(Task to carry out)
Starting at the line that contains "Apto quadra mar", output each line exactly as written through the end of the listing below, but leave out the pictures.

-- Source data follows --

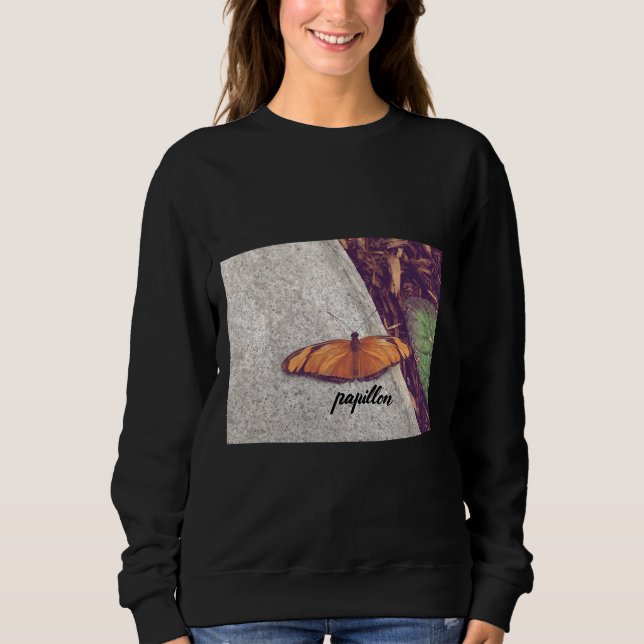 Papillon 34 sweatshirt (Front)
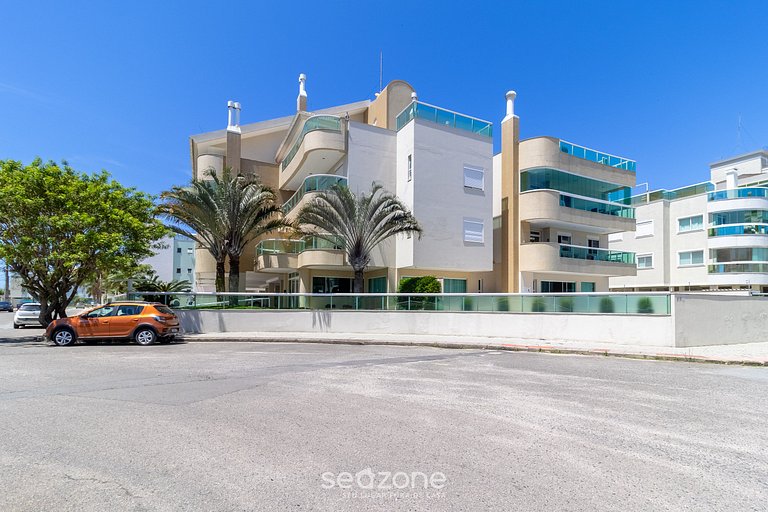 Apto quadra mar a 260m Praia dos Ingleses RIE0315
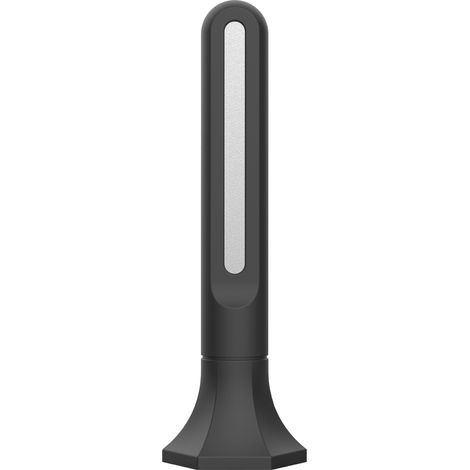 Antenne TV numérique intérieure HDTV 25 dB, portée 240 km, avec amplificateur de signal et connecteur F vers IEC. (1/4)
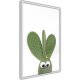 ARTGEIST Plakat med ramme - Funny Cactus III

-- Source data concluded --

(Result of this exercise)
 Apto quadra mar a 260m Praia dos Ingleses RIE0315
 Antenne TV numérique intérieure HDTV 25 dB, portée 240 km, avec amplificateur de signal et connecteur F vers IEC. (1/4)
 ARTGEIST Plakat med ramme - Funny Cactus III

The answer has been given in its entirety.